Talmanes - Edit 1
Before modification by DomA at 23/09/2012 12:45:17 AM
the Talmanes portions made me think there might be a bit of entertainment left in what has been drawn out for far, far too long.
I guess there's no accounting for tastes. I found those sections pretty underwhelming. There was no real sense of danger, horror or tension - it was more like going from A to B to C chopping Shadowspawn down along the way, the descriptions were very bland, lacking any sense of epic, and failed to take you sensually in the inferno of those streets. Sanderson also made a bad job of conveying the horror of a city and its people torn apart by Shadowspawn.
The sequence is also plagued a bit by various incongruities, characters hearing this or that clearly, from calls to horns to Shadowspawn on the corner, when what went on in the city was realistically a deafening roar. The cityscape wasn't respected in a few places, for instance the events on the way to and around the palace (Brandon have Talmanes able to judge the situation from way too far. He couldn't possibly do that in the Inner City, all the way up to the Queen's plaza in front of the palace's gates - where Guybon would have been fighting, but it's not how it's described - it's a nightmarish maze of very narrow streets winding up the hill, and that part of the city is all made up of tall ogier-made buildings with towers and spires, Tar Valon style). Fighting against Shadowspawn already entrenched in the Inner City an assaulting the palace would be simply hellish, but Brandon made poor use of that location.

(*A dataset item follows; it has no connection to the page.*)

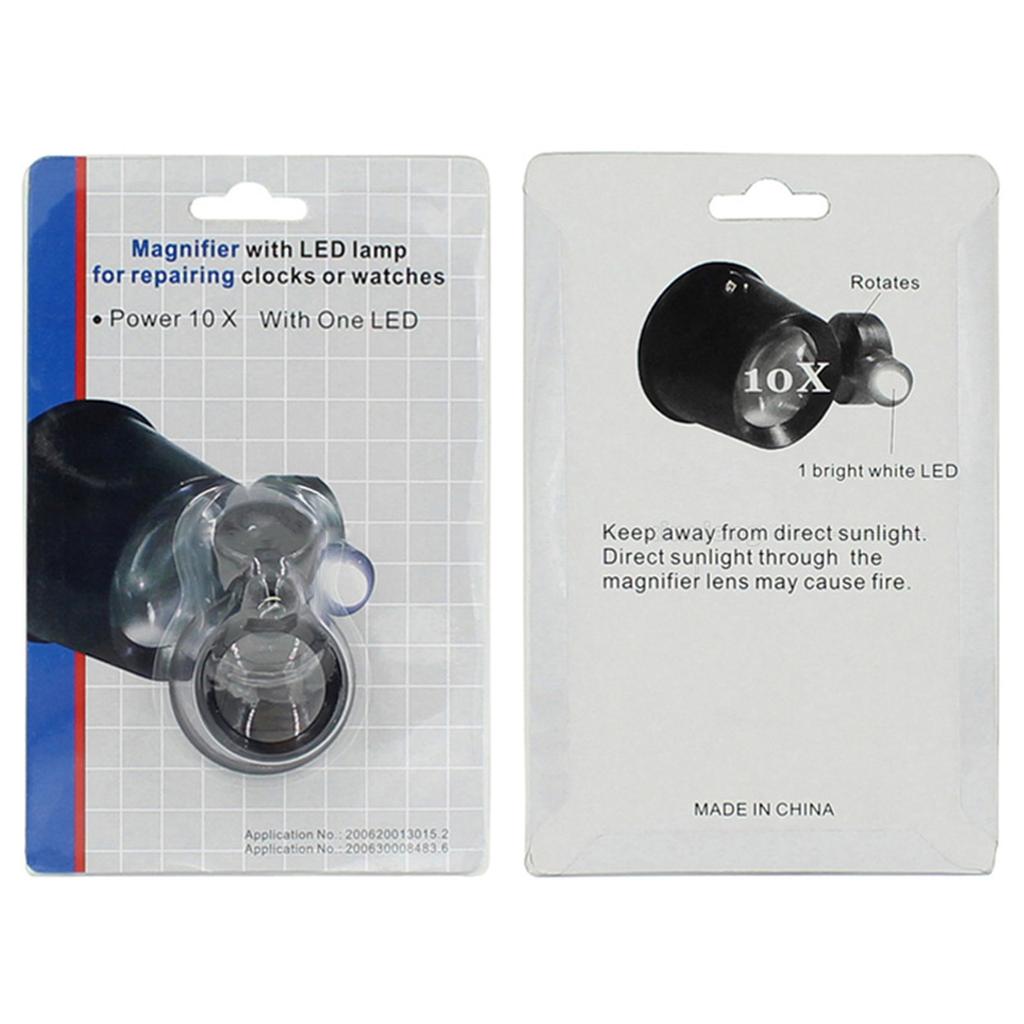 Ювелирная лупа, 10-кратная карманная ювелирная лупа, увеличительное стекло для ювелирных часов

I expected a gruesome episode, a small army making its way in a city where tens of thousands were dying horribly, where fire was everywhere. Instead we got soldiers going ahead steadfastly, fighting a bit along the way, getting wounds, and we barely got to see the survivors or fallen Caemlyners through Talmanes's eyes - old folk, women and children among them - more often than not it was restricted to telling us blandly thousands were packed here or there. As I could see on various discussions, Brandon didn't do his job too well either at helping us picture things.. people are very confused about how much of the Band Talmanes brought (he sure didn't seem to have 10,000, which is what Elayne left behind - and yet according to vague descriptions that's exactly what he had "The Band", aka his whole half of it, ie: 10,000 men, but later on he has 500 men with him and the rest at the southern Gate) or how huge the Shadowspawn invasion really was (the usual Brandon "vagueness".
Even accounting for the fact Talmanes isn't really emotional and this was his POV, you would really have to be cold as ice for a commander and his soldiers not to react more viscerally at a human level to the sheer horror of the situation. Instead people seem to have time and thought for petty matters like grimacing when a lord refer to citizens as "peasants".
The whole sequence pretty much failed to elicit any strong emotion, and considering this depicted the destruction of one of the earliest and consistantly most important location and culture of the series, I'd call that pretty much a failure on Brandon's part.
Jordan also had his flaws, but with this sequence we're far behind in thrills from what we got from RJ with Dumai's Wells or even the Battle of Malden, which for all its abruptness and its focuss on Perrin only conveyed a very good sense of the chaos of battle.
There's probably more to come (opinions are very divided if the last portion was Talmanes' death or not. I had the impression it wasn't, that he would wake up among his rescuers in a future chapter), though it won't be Mat (who we know appears for the first time in the book in chapter 11, already in Ebou Dar).
For the moment there's a lot of unanswered questions, for instance where are the fairly big Aes Sedai group from the Silver Swan, and where are the even larger group of Tower envoys with Myrelle that camp outside the Black Tower with 47 sisters, a ton of warders and a contingent of Tower Guards (and they are merely four leagues south of the city, and we know the dreamspike do not extend beyond the walls as Nynaeve travelled in and out of that camp to get Lan's bond) and that couldn't possibly miss the city burning in the night! Of course with Brandon at the helm we can never be sure what happens when, though there seems to be a consensus that events at the Black Tower are taking place a substantial amount of time prior to the attack on Caemlyn while the Egeanin scenes, the Talmanes scenes and the Aviendha scenes were all taking place on the same night (meaning we have no idea if Myrelle and co are still camped outside when the battle rages in Caemlyn. Probably not, as it would be baffling they didn't Travel away to raise the alarm by now. Most likely if they are there, Taim has seen to it that they couldn't possibly leave to raise the alarm, one way or another.).